_ENTRIES PROVIDED_
----------------
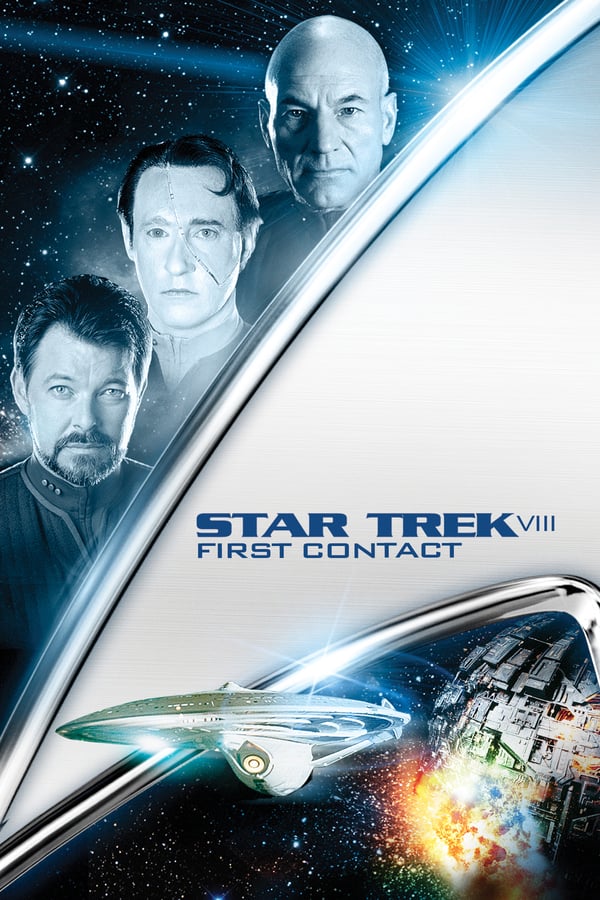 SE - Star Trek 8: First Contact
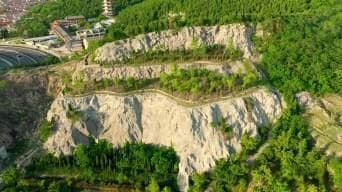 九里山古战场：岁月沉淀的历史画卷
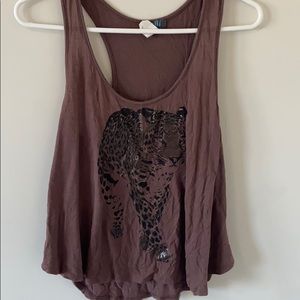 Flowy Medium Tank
----------------
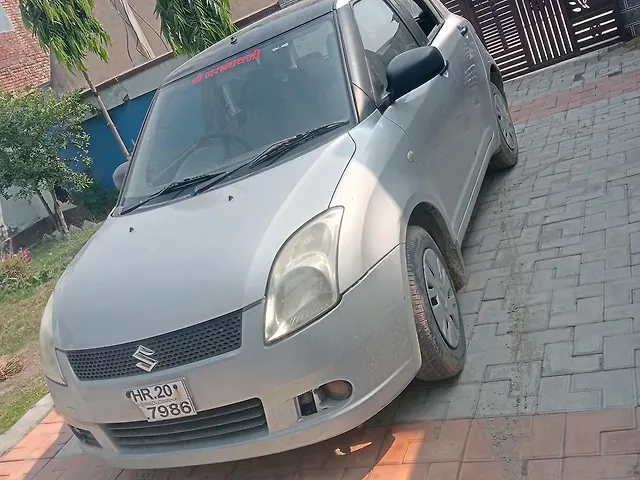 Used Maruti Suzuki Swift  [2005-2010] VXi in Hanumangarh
----------------
_TASK DETAILS_
Nothing except the lines from the one containing "SE - Star Trek 8: First Contact" through the one containing "Flowy Medium Tank" should appear in the answer, exactly as above and without pictures.

_OUTPUT OF THE TASK_
 SE - Star Trek 8: First Contact
 九里山古战场：岁月沉淀的历史画卷
 Flowy Medium Tank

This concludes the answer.